I am strictly a hobby beek. Africanized bees have driven me nuts the past 4 years. Before that I had no problem with them. This year I finally gave up on keeping two hives at my house in town, mostly because I am worried over the liability in an area with so many children and non-beeks (BEEK = beekeeper) near by. The decision came because of an incident, of course. I had two hives at a widow's house out in the country and one of them went insanely Africanized . When I harvested honey, smoke had no affect. So many bees were flying in front of my face I could barely see, and I got many stings through my bee suit, plus several on my face from bees inside my veil. The widow is fine, but my assistant and I were chased for over a mile - that is we stopped about a mile away and got out of the truck to take off veils and coveralls, and got mobbed again. My assistant no longer goes to bee yards with me.
So I moved all 7 hives to a new yard where there is nobody living nearby. The Africanized hive from the widow's place was packed full of bees and had made a lot of honey. I debated with myself whether to simply burn the little meanies, but I opted to re-queen. But even re-queening an Africanized hive is problematic.
- Two new queens arrived from a commercial apiary that specializes in gentle, productive queens.I opened the Africanized hive to find the queen and got mobbed, as expected.Didn't find the queen in the top box and gave up. Instead, I took the advice of an experienced beek and separated the hive into two, hoping to make queen finding easier.
- Returned after 3 days and verified there was no queen in one of the boxes. Queens come in a little wooden box with screen on one side and a plug of candy in the hole where they were inserted. For shipping, a cork is placed on top of the candy to prevent premature release. Normally the cork is pulled as you put the new queen in the hive. It takes a couple of days for the bees to eat the candy, and then the queen can escape into the hive to start her royal life there. I installed a new queen, but left the cork in place so the workers couldn't release her because sometimes Africanized bees are reluctant to accept a new queen and will kill her if you put her in with them too soon. This box didn't have a large number of bees, so I moved the bigger box 30 feet away and put the smaller box where it had been.

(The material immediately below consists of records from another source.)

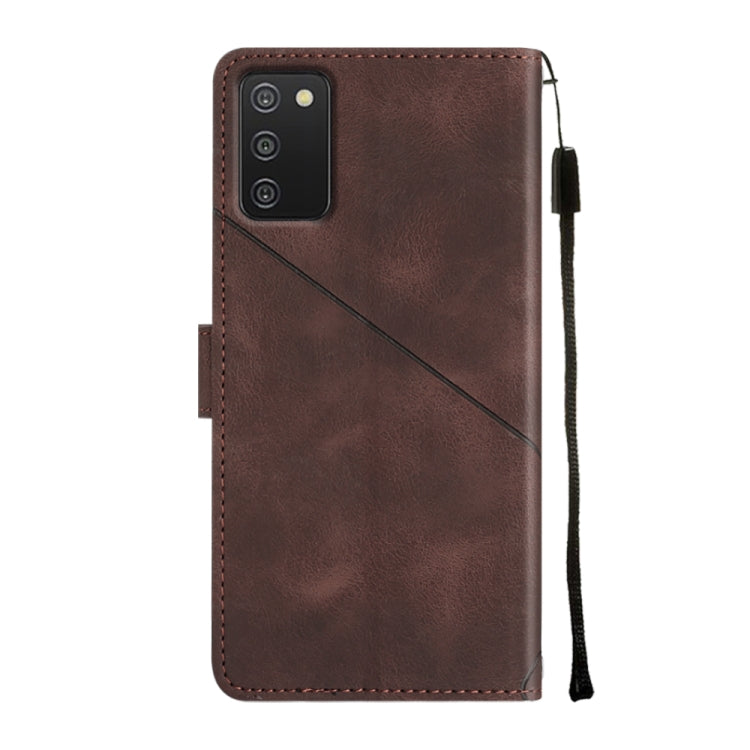For Samsung Galaxy A03s 166.6mm Skin-feel Embossed Leather Phone Case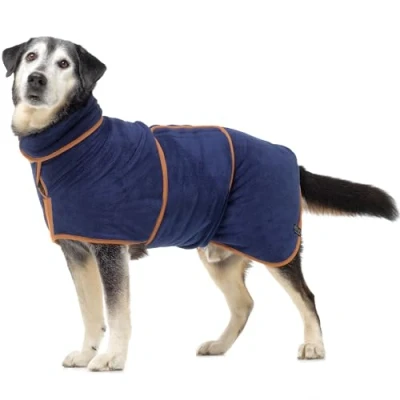 Image of Lucky Paws® UK Dog Drying Coat Double Layer Robe for Faster in Minutes, Super Absorbent Towel &amp; Ultra Soft Dressing Gown One Luxurious (XL, French Navy)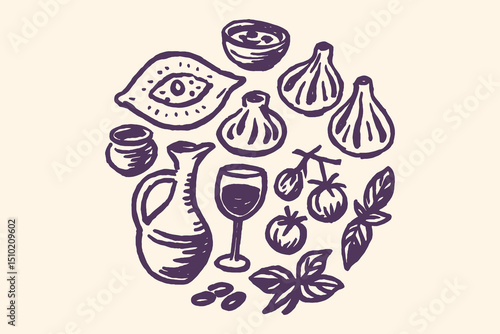 Georgian food sketch set naive minimal style vector illustration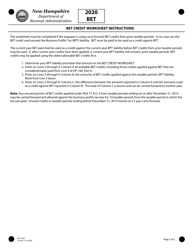 Form BET Business Enterprise Tax Return - New Hampshire, Page 2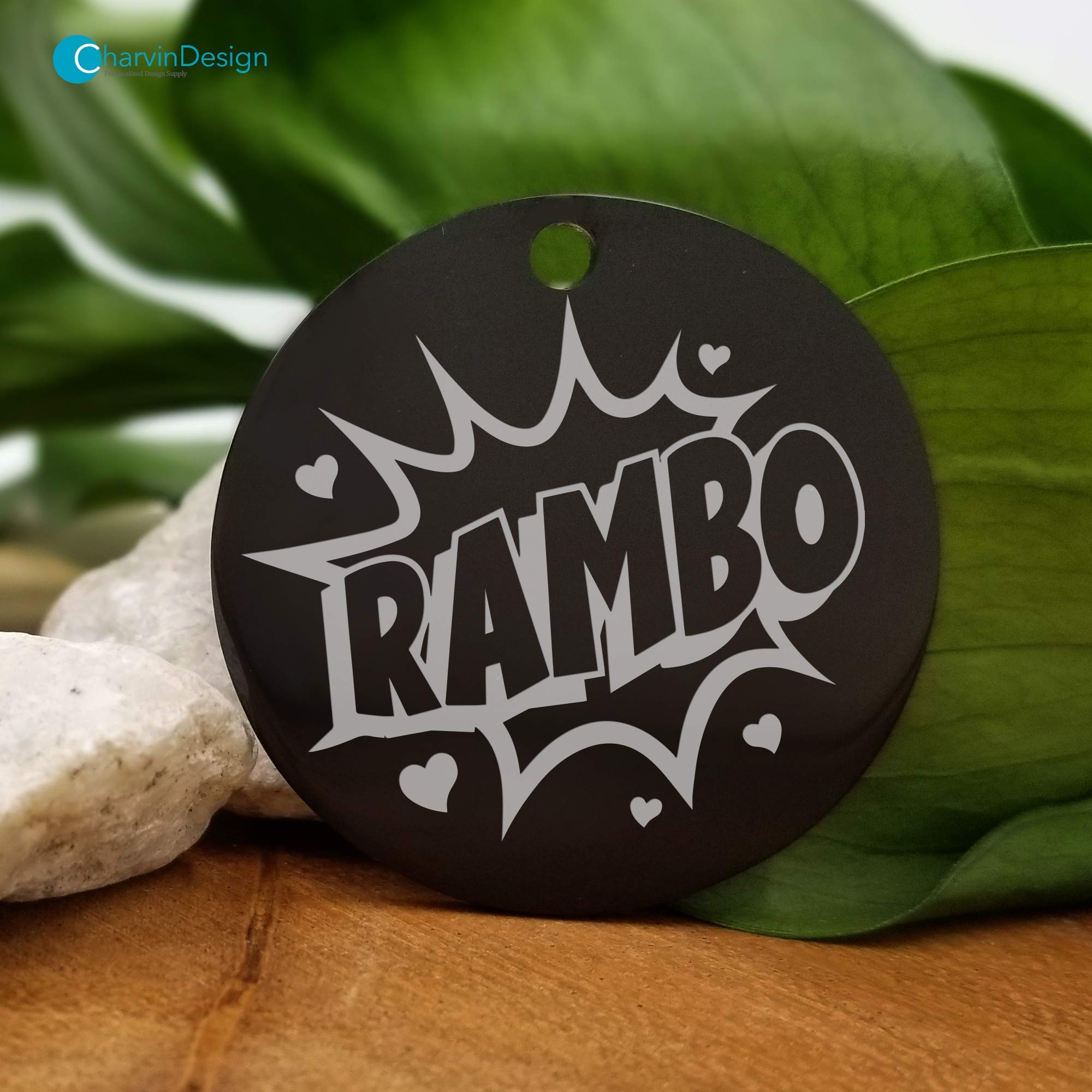 Engraving Pet ID Tags, Personalized Pet ID Tags, Stainless Steel Pet ID Tags, Custom Engraved Dog and Cat Tags, Double Sided, Round Stainless Steel Cartoon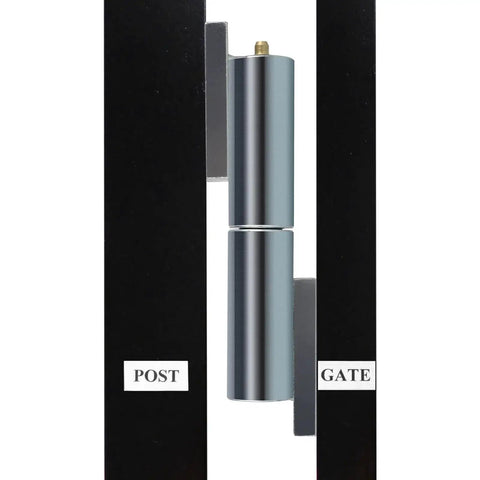 Heavy Duty 7 Inch Barrel Gate Hinges For Weld On Swing Gates And Trailer Lift Gates With 4400 Lb Capacity Zinc Plated AISI 1045 Steel CNC Machined For Strength Rust Resistant Includes 2 Sets Skelang on a gate post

- After I moved the bigger box, I went through every frame looking for the old queen. There were a lot of bees in there and I was unable to find the queen amongst all the piles of bees. I am good at finding queens, so I think she was a runner. I needed to spread them out some more, but I didn't have another bottom board. I had a box from a failed split that still had a few bees and some stores in it. I put this deep on top of the Africanized box, with paper towels between (a newspaper combine - where you combine two hives, but separate the bees from the hives with paper so they can get used to each other before they come into actual contact. It prevents the bees from killing each other. After a couple of days they've chewed holes in the paper and the bees mingle peacefully).
- It was five days before I could get back out to the bees. Pulled the cork on the queen cage I'd placed in the smaller box. Looks good for this new queen. She has plenty of bees with her now and good comb to work on.

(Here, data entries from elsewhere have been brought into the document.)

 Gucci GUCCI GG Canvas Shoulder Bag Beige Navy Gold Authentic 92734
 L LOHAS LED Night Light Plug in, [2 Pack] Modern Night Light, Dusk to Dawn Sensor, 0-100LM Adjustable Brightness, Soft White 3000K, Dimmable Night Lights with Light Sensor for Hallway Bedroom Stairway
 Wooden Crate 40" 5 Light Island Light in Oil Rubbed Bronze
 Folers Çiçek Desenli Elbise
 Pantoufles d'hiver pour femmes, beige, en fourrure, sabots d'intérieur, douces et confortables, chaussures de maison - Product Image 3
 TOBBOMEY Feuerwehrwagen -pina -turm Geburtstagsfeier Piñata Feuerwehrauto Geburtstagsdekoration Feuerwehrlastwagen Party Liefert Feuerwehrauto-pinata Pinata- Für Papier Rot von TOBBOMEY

- Went to the remote box and the entrance looked like there were fewer bees than there had been - a good thing. I smoked the entrance and opened it up. Checked the top box and found the queen almost immediately. Lucky, lucky, lucky. Not for her - she's dead - it was lucky for me because I didn't have to go through both deeps to find her. I figure she ran from the smoke, right into my waiting queen catcher. I returned later that day and put a new queen in the box, still in her cage, of course.
So hopefully I will be back to all gentle bees. The real penalty of Africanized bees for me has been that I HAVE to wear a full suit. We've had record high temps this summer and there I am dressed for a winter blizzard, sweat gushing from every pore. Even my eyelashes sweat. Every time I go out to the bees it takes a day to recover and get re-hydrated. Only a few years ago I enjoyed working bees in shorts and a T, plus a veil. I wouldn't dare do that anymore. I used to get stung only rarely, but now I get stung regularly in spite of the sweat suit. I get stung almost every time I go near bees, and when a hive goes Africanized I get stung a lot - right through the bee suit. I have two veils that I've had for many years. This year I had to buy a new one with elastic to keep it tighter, because when the Africanized bees mob me a few of them will get under the veil when I bend over.
On the other hand, Africanized bees are aggressive about gathering honey as well, and they produce lots of it. I had a great harvest this year.